* AIM OF THE EXERCISE *
Set down every entry exactly as it stands, omitting any picture.

---------- EXCERPTED DATA ----------

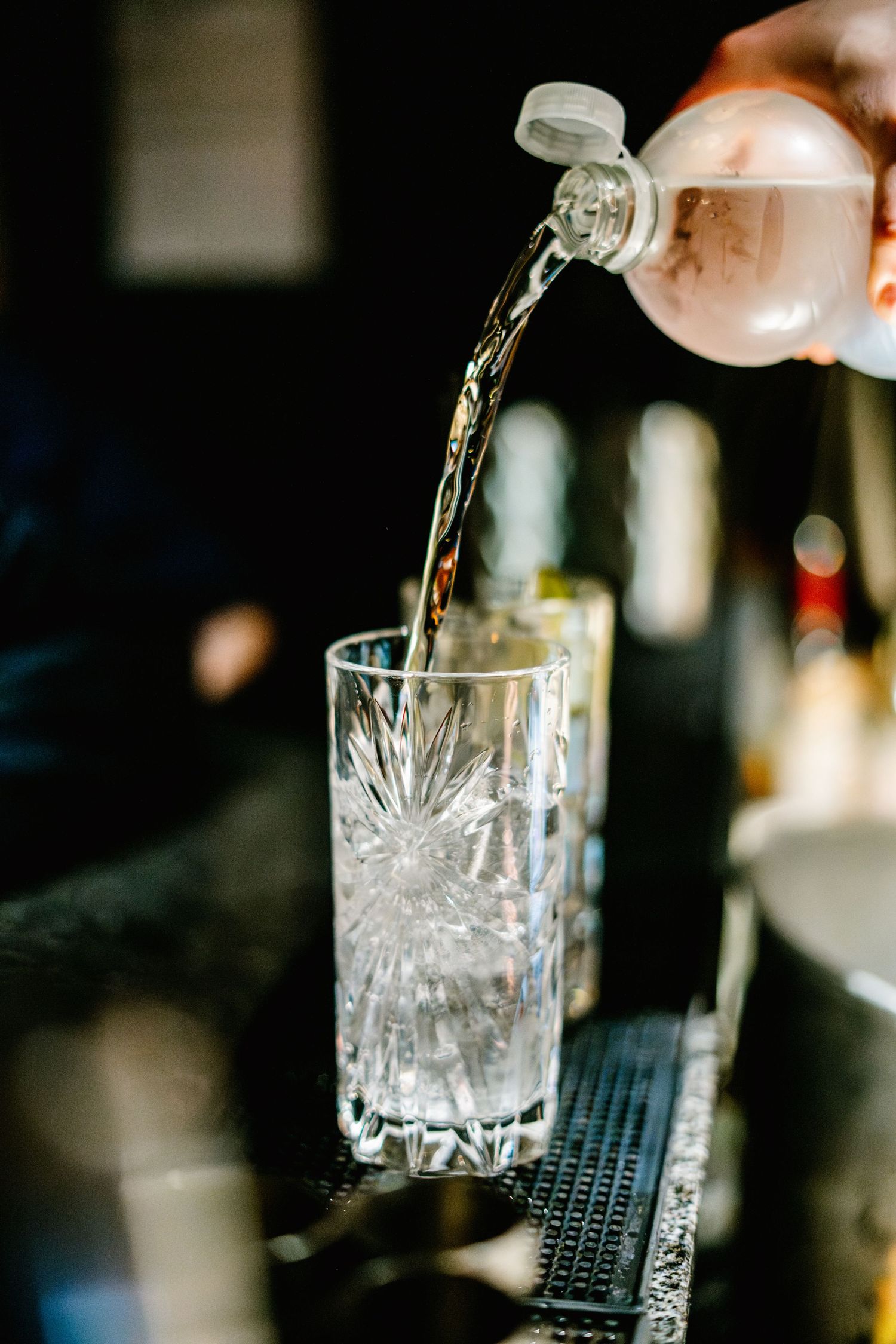 Crystal glass being filled with clear liquid from a bottle on a black bar mat.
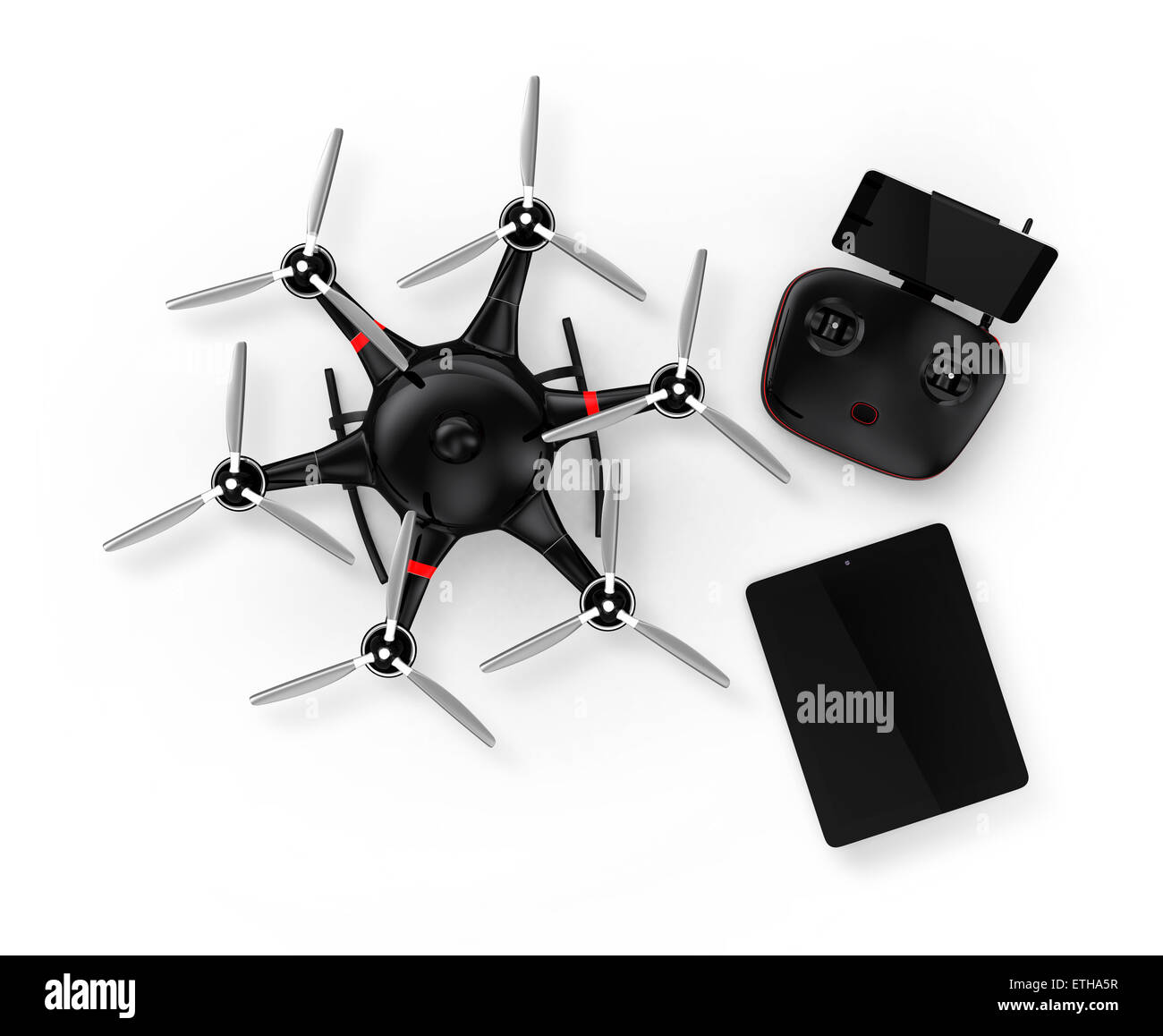Top view of black hexacopter with remote controller and tablet PC. Stock Photo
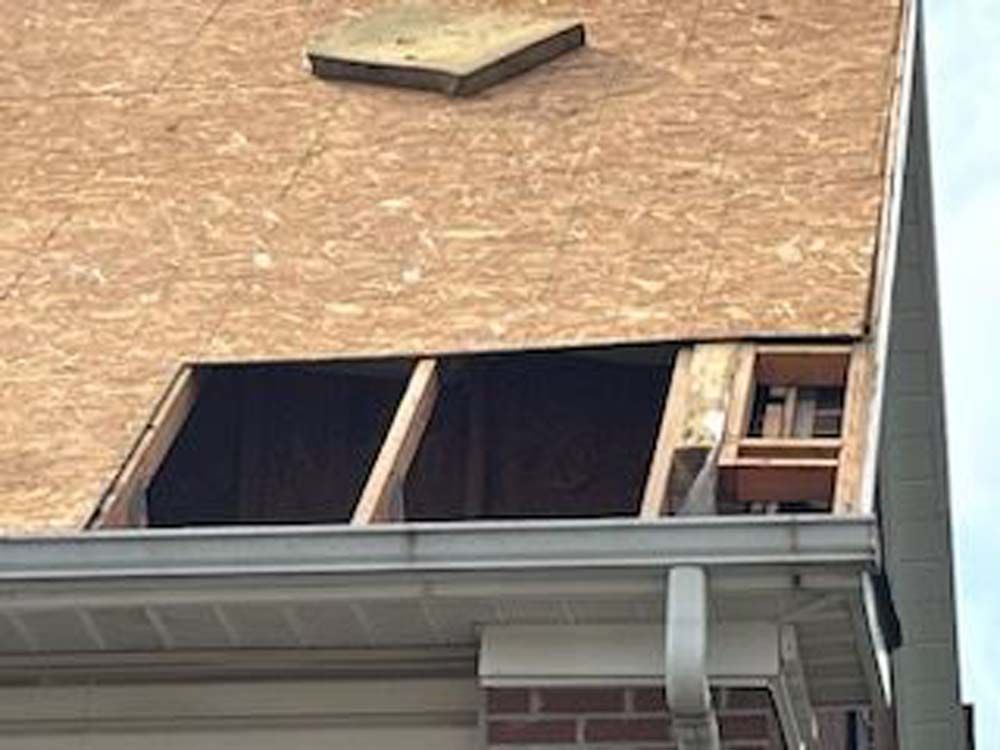 There is a hole in the roof of a house.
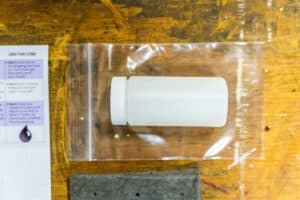 Close-up of a white sample bottle on a ziploc bag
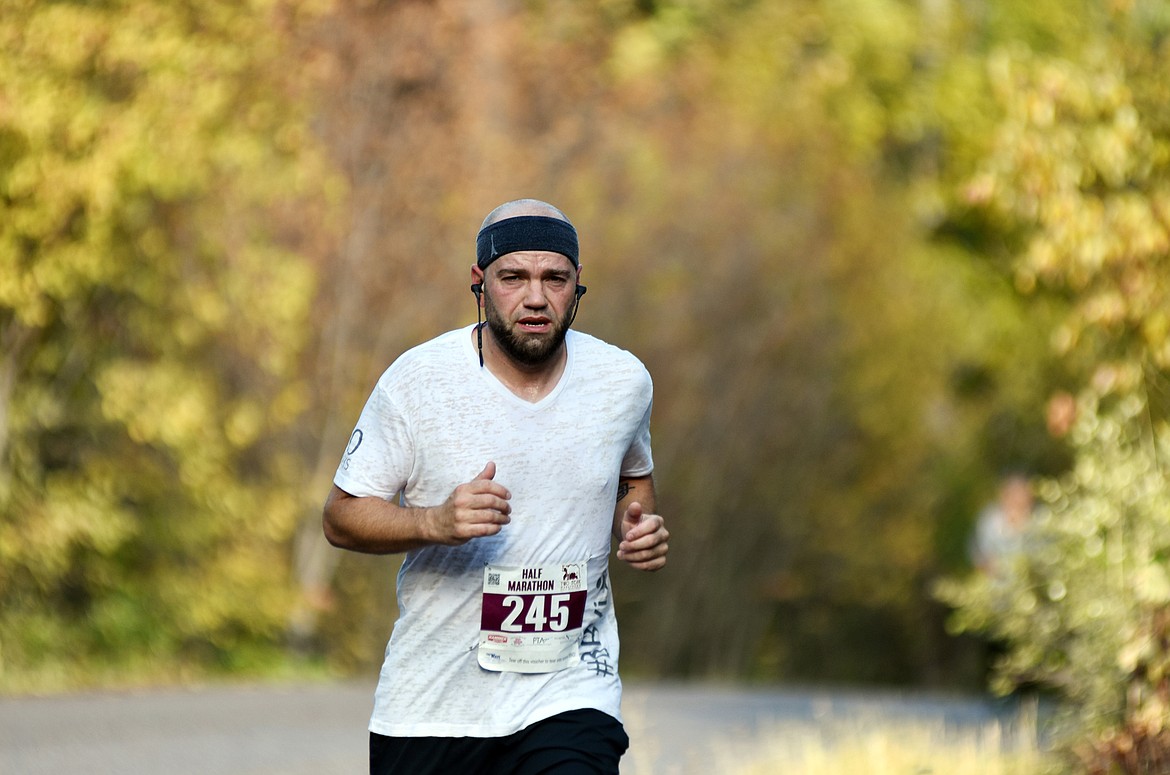 Ryan Pohlman, of Lynnwood, Washington, runs along East Lakeshore during the half marathon Sunday in the Two Bear Marathon. Heidi Desch / Whitefish Pilot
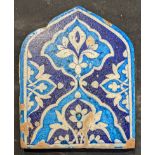 An 18th or 19th century Islamic multan tile, H.25cm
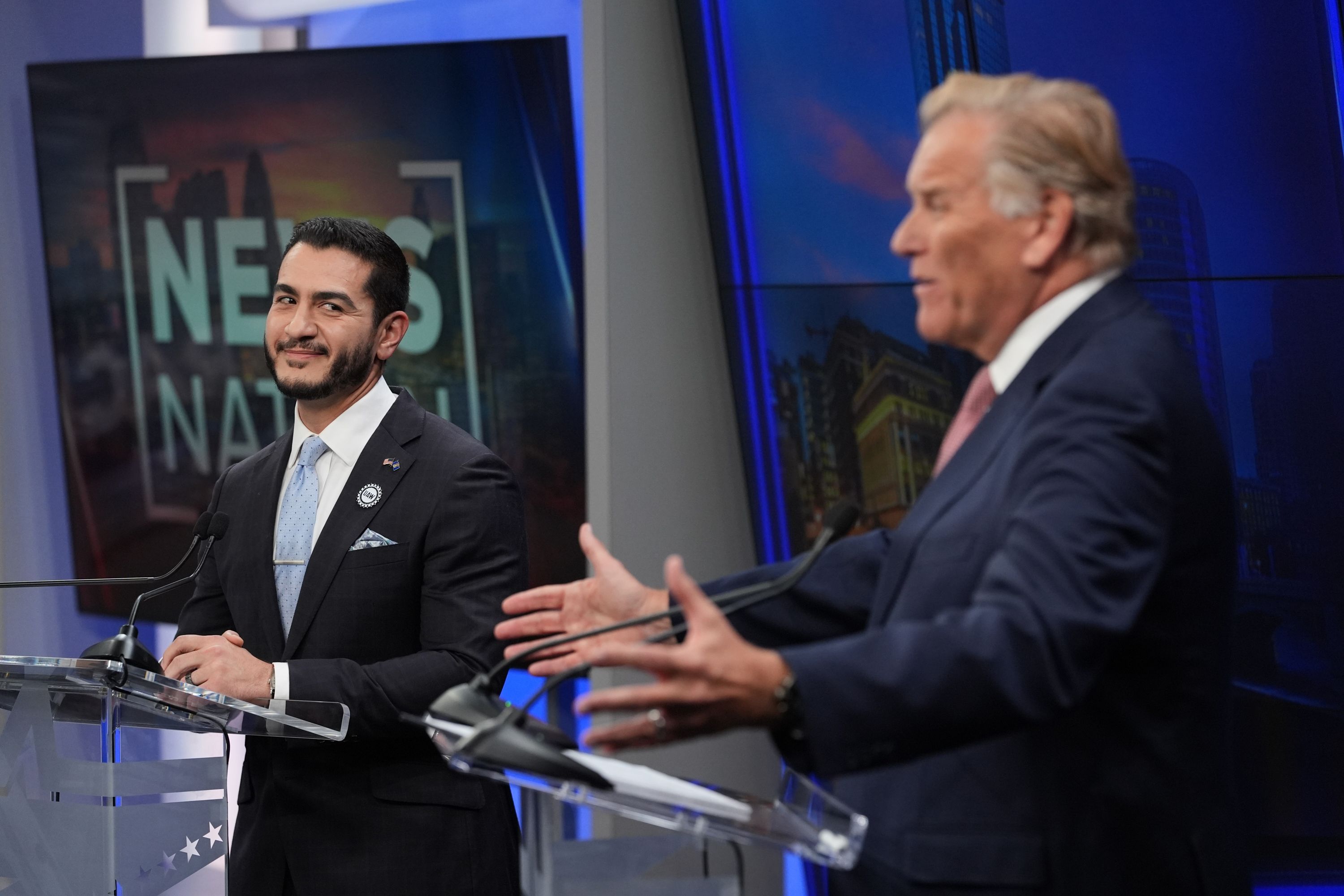 El-Sayed and Rogers on stage behind podiums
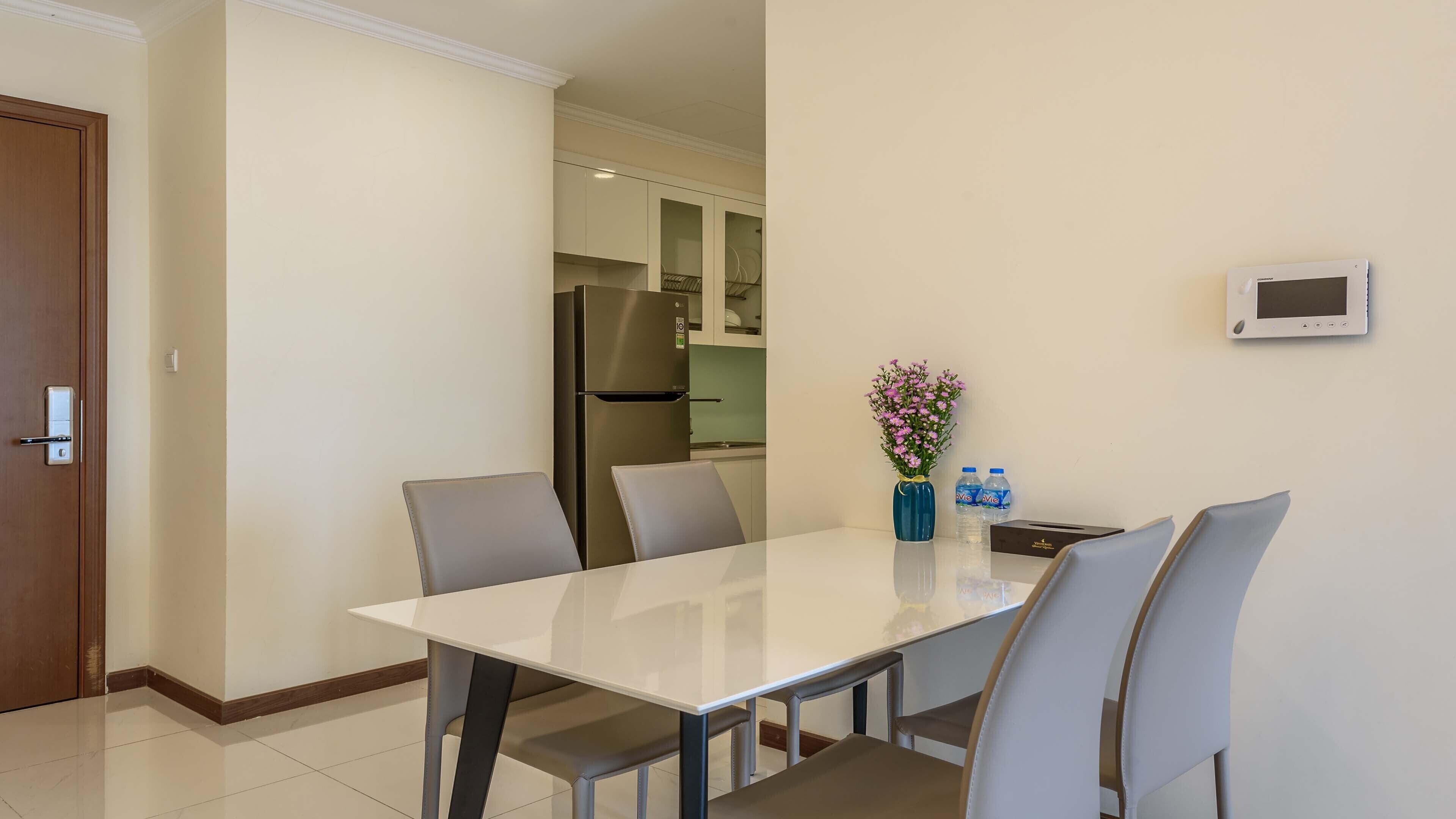 A dining area with a white table, four chairs, a vase with flowers, and a water dispenser.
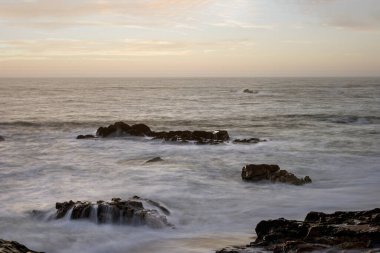 Alacakaranlıkta dalgalar çekildiğinde Rocky sahili. Uzun pozlama. Kuzey Portekiz kayalık kıyıları.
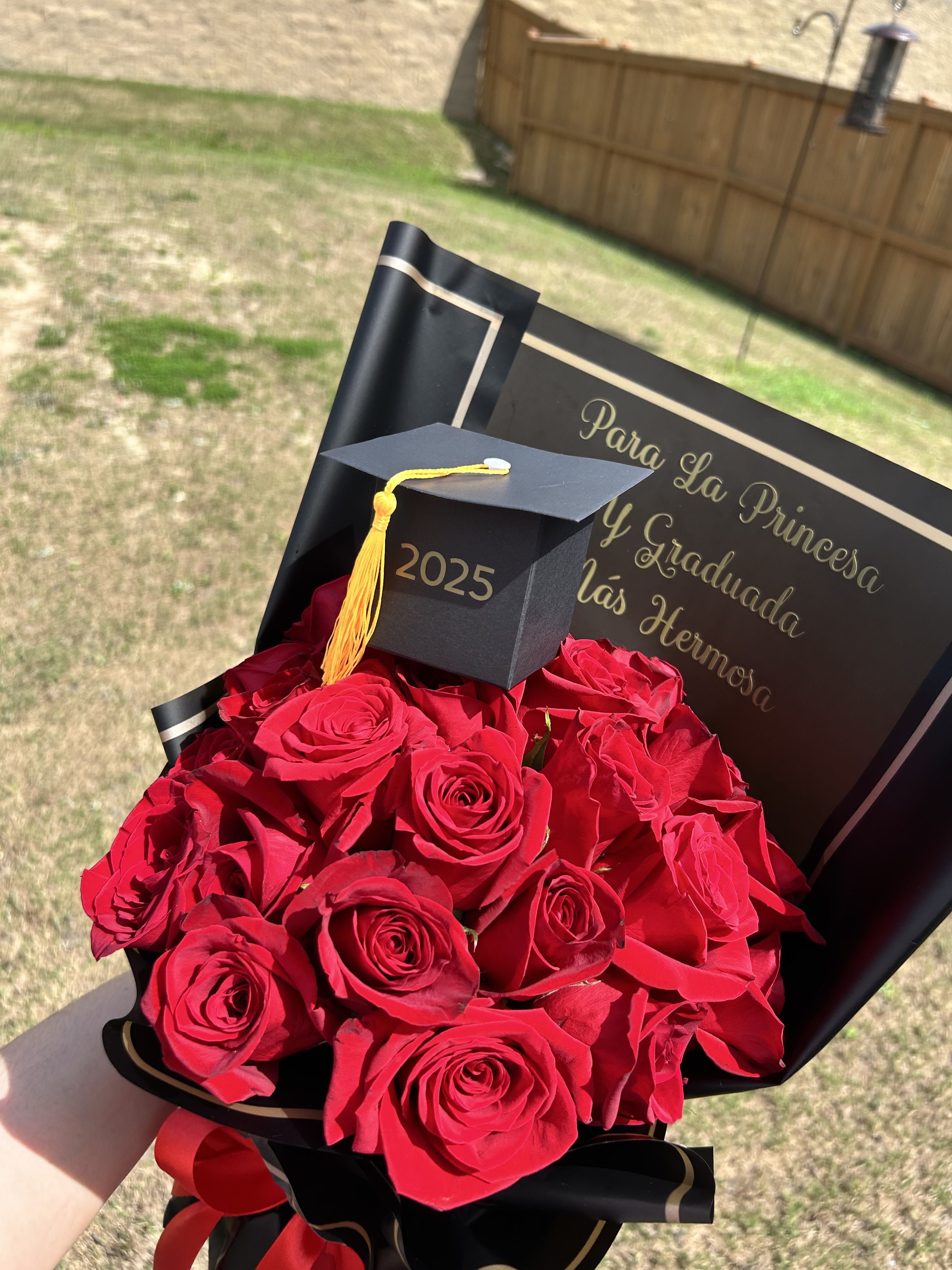 Bouquet of red roses with a graduation cap and card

----------

* TASK RESULT *
 Crystal glass being filled with clear liquid from a bottle on a black bar mat.
Top view of black hexacopter with remote controller and tablet PC. Stock Photo
 There is a hole in the roof of a house.
 Close-up of a white sample bottle on a ziploc bag
 Ryan Pohlman, of Lynnwood, Washington, runs along East Lakeshore during the half marathon Sunday in the Two Bear Marathon. Heidi Desch / Whitefish Pilot
 An 18th or 19th century Islamic multan tile, H.25cm
 El-Sayed and Rogers on stage behind podiums
 A dining area with a white table, four chairs, a vase with flowers, and a water dispenser.
 Alacakaranlıkta dalgalar çekildiğinde Rocky sahili. Uzun pozlama. Kuzey Portekiz kayalık kıyıları.
 Bouquet of red roses with a graduation cap and card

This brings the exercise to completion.